Authors Ghosh P, Swanson L, Sayed IM, Mittal Y, Lim BB, Ibeawuchi SR, Foretz M, Viollet
B, Sahoo D, Das S
Submitted By Soumita Das on 3/18/2020
Status Published
Journal Life science alliance
Year 2020
Date Published 3/1/2020
Volume : Pages 3 : Not Specified
PubMed Reference 32041849
Abstract The gut barrier separates trillions of microbes from the largest immune system
in the body; when compromised, a "leaky" gut barrier fuels systemic
inflammation, which hastens the progression of chronic diseases. Strategies to
detect and repair the leaky gut barrier remain urgent and unmet needs. Recently,
a stress-polarity signaling (SPS) pathway has been described in which the
metabolic sensor, AMP-kinase acts via its effector, GIV (also known as Girdin)
to augment epithelial polarity exclusively under energetic stress and suppresses
tumor formation.

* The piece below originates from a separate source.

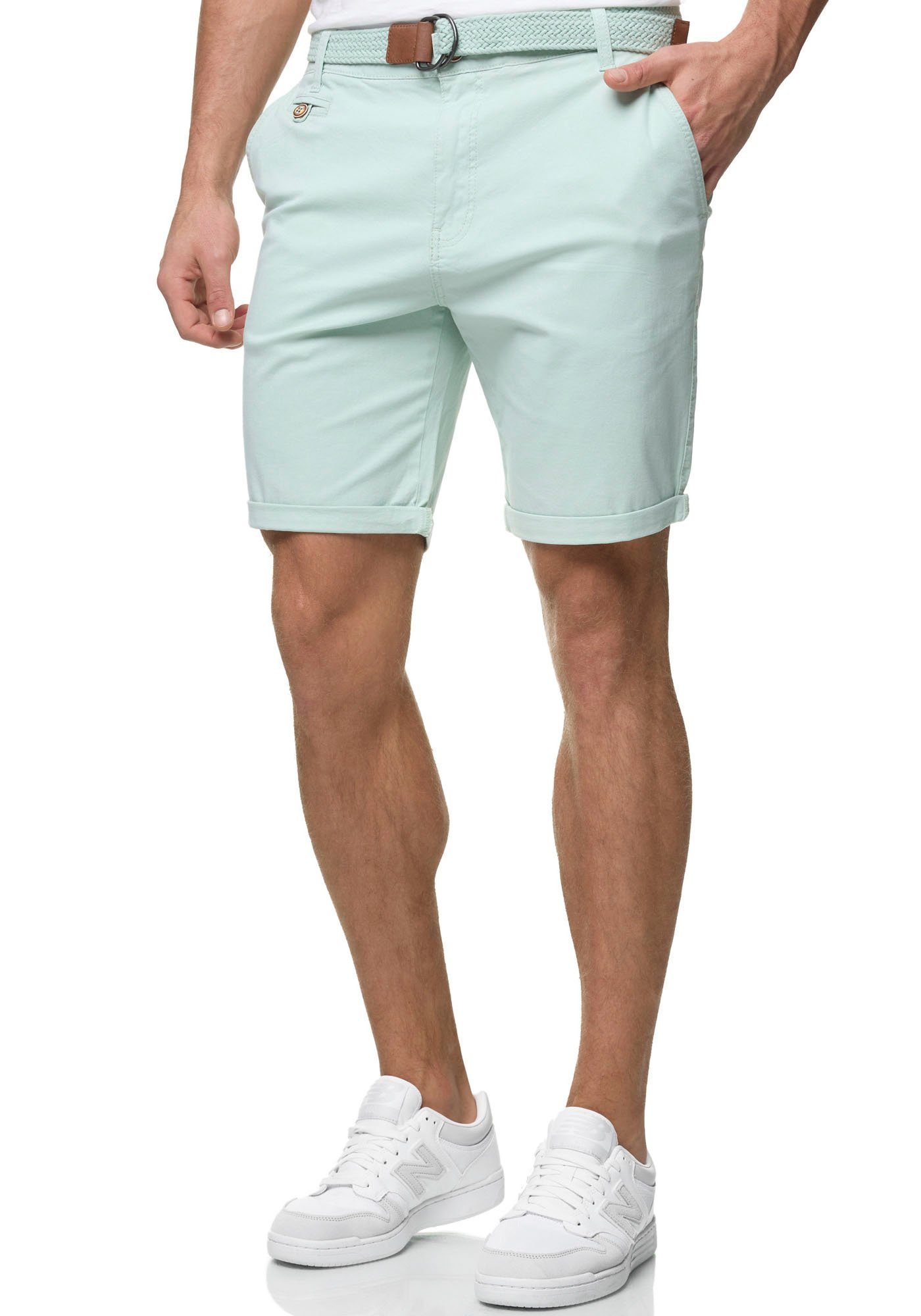 Indicode Chinoshorts INConor günstig online kaufen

Using murine and human colon-derived organoids, and
enteroid-derived monolayers (EDMs) that are exposed to stressors, we reveal that
the SPS-pathway is active in the intestinal epithelium and requires a
catalytically active AMP-kinase. Its pharmacologic augmentation resists
stress-induced collapse of the epithelium when challenged with microbes or
microbial products. In addition, the SPS-pathway is suppressed in the aging gut,
and its reactivation in enteroid-derived monolayers reverses aging-associated
inflammation and loss of barrier function. It is also silenced during
progression of colorectal cancers. These findings reveal the importance of the
SPS-pathway in the gut and highlights its therapeutic potential for treating gut
barrier dysfunction in aging, cancer, and dysbiosis.